- Your goal: Below is a listing; restate from it, character for character, the lines beginning at the line holding "Expansive aerial view" and ending at the line holding "four employees outside El Paso Bar with cars", both included.

- Records shown:
[Start of Attachment]

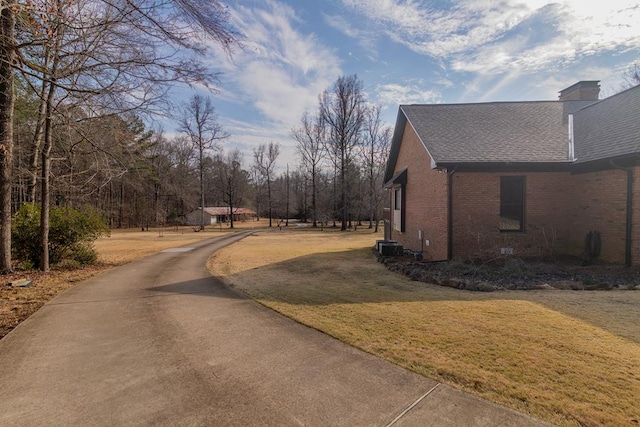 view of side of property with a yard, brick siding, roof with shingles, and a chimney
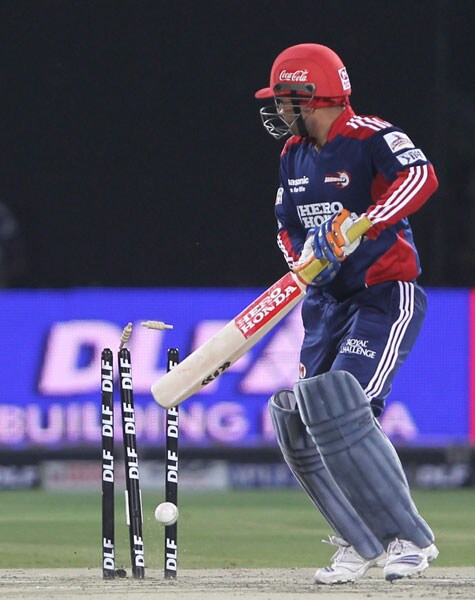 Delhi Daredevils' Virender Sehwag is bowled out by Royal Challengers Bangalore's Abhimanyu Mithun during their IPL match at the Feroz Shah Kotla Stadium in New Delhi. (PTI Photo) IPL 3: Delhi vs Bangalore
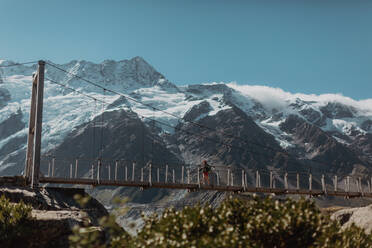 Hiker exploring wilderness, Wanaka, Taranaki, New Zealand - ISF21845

[End of Attachment]
[Start of Attachment]

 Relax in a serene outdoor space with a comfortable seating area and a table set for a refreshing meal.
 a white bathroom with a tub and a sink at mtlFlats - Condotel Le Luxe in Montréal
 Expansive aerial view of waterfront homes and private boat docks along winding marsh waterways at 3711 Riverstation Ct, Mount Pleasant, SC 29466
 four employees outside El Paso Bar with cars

[End of Attachment]

- Answer for the task:
 Expansive aerial view of waterfront homes and private boat docks along winding marsh waterways at 3711 Riverstation Ct, Mount Pleasant, SC 29466
 four employees outside El Paso Bar with cars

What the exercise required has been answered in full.